Небольшая пауза с разглядыванием.
– Конторская к… служащая, не рядовая, высшее образование на лбу обозначено. Угадал?
– В общем, да, а каким образом всё-таки?
– А я и сам не знаю. Наверное, есть какие-то конкретные признаки, но они не осознаются, просто возникает некий общий образ. Похоже, я много бюрократов перевидал, вот и отложилось. Тут дело даже не в профессии, а в общем социальном состоянии. Я, вот, без особого труда на взгляд определяю – замужем женщина или нет.
– Что, и не ошибаетесь?
– Ошибаюсь, конечно, я же не Вольф Мессинг, но статистика в мою пользу. Тут есть один нюанс. Он отразился даже в результатах соцопросов, согласно которым замужних женщин гораздо больше, чем женатых мужчин. Этот парадокс объясняется просто – женщина считает себя замужней в любом случае – и со штампом в паспорте, и без него. А её сожитель иногда считает себя холостым, и это сбивает с толку.

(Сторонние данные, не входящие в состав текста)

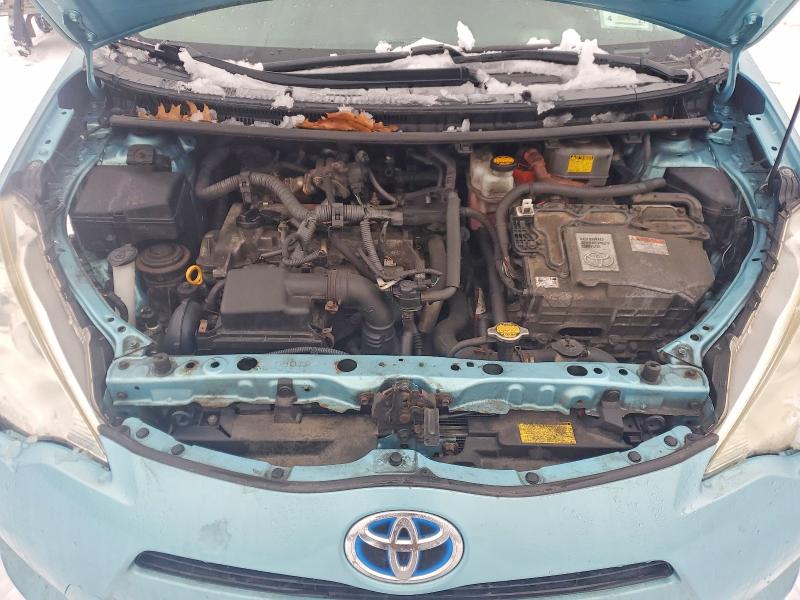 Photo 11 from auction – 2013 TOYOTA PRIUS C with VIN JTDKDTB33D1040918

– И каков, на ваш взгляд, мой статус?
– Вы относитесь к той категории женщин, которых можно обозначить – удачно развелась.
Вера Максимовна подумала: «Ничего себе» и продолжила:
– Простите, Родион Алексеевич, а сами-то вы кто?
– Я в этом плане человек малопонятный, потому что я никто. Пенсионер.
– Да вроде бы…
– По льготному списку, с пятидесяти. Вера Максимовна, вы по образованию случайно не психолог?
От такого вопроса Вера Максимовна слегка дёрнулась и воскликнула:
– Господи, неужели и это заметно?
– Да нет, это я из своих соображений, наудачу. Так что? Угадал?
Она согласно кивнула. Родион Алексеевич кивку обрадовался и сказал:
– Вы знаете, давно мечтаю узнать мнение такого специалиста по одной проблеме.
– Я не практикую, да и не имею соответствующего опыта.
– У меня тоже фобий нет. Дело не в этом, вопрос не прикладной, скорее, академического характера.
– И вы уверены, что я смогу вам чем-то помочь?
– Не уверен, но вы дипломированный специалист и скорее всего в силах дать оценку.
– Чего?
Он замялся:
– Тут в минуту не уложишься, да и за час тоже вряд ли. Мне скоро сходить, поэтому обсудим конкретнее при следующей встрече, месяца этак… через два.
Сказано это было таким же будничным тоном, каким говорят, что завтра понедельник. Вначале смысла фразы она не уловила, а потом забеспокоилась:
– Какой встречи? Где? Зачем?
– Откуда я знаю, где? Я ж не ясновидец, и случайности не в моей власти.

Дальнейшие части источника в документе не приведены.